The Ultimate Hitchhiker's Guide to the Galaxy by Douglas Adams; Neil Gaiman

The Ultimate Hitchhiker's Guide to the Galaxy by Douglas Adams; Neil Gaiman

Author:Douglas Adams; Neil Gaiman
Language: eng
Format: mobi, epub
ISBN: 0345453743
Publisher: Del Rey
Published: 1979-01-01T05:00:00+00:00


Chapter 17

Although it has been said that on Earth alone in our Galaxy is Krikkit (or cricket) treated as a fit subject for a game, and that for this reason the Earth has been shunned, this only applies to our Galaxy, and more specifically to our dimension. In some of the higher dimensions they feel they can more or less please themselves, and have been playing a peculiar game called Brockian Ultra Cricket for whatever their transdimensional equivalent of billions of years is.

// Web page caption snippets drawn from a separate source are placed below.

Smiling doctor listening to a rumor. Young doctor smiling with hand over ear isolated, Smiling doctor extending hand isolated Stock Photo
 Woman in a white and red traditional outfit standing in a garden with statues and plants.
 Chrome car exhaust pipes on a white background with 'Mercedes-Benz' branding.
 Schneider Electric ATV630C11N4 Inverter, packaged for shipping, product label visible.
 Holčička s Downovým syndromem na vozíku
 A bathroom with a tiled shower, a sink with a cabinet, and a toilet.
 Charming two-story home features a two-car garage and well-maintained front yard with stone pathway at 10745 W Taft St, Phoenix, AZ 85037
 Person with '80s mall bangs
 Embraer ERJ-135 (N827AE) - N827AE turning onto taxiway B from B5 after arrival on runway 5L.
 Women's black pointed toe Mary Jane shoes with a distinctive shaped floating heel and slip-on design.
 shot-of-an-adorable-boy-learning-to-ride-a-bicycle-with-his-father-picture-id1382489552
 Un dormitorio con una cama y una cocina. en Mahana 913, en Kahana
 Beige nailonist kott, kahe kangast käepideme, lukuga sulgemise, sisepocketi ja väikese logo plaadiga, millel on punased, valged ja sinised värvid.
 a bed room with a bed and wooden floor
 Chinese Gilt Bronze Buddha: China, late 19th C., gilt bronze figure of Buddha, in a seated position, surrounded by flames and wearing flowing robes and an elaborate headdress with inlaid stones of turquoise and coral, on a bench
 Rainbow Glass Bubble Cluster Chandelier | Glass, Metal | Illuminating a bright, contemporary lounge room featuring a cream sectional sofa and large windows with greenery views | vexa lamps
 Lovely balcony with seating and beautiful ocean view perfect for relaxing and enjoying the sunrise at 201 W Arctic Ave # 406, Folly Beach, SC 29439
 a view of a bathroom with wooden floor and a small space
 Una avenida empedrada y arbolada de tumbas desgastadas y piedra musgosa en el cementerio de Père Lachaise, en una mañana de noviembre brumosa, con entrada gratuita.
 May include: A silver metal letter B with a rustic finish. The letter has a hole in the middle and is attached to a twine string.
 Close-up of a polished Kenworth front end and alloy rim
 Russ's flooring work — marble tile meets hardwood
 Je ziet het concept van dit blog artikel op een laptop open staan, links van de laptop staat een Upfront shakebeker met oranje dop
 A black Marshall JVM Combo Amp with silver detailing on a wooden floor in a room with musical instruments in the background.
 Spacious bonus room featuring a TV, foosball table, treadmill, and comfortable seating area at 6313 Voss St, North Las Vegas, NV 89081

“Let’s be blunt, it’s a nasty game” (says The Hitchhiker’s Guide to the Galaxy), “but then anyone who has been to any of the higher dimensions will know that they’re a pretty nasty heathen lot up there who should just be smashed and done in, and would be, too, if anyone could work out a way of firing missiles at right angles to reality.”

This is another example that The Hitchhiker’s Guide to the Galaxy will employ anybody who wants to walk straight in off the street and get ripped off, especially if they happen to walk in off the street during the afternoon, when very few of the regular staff members are there.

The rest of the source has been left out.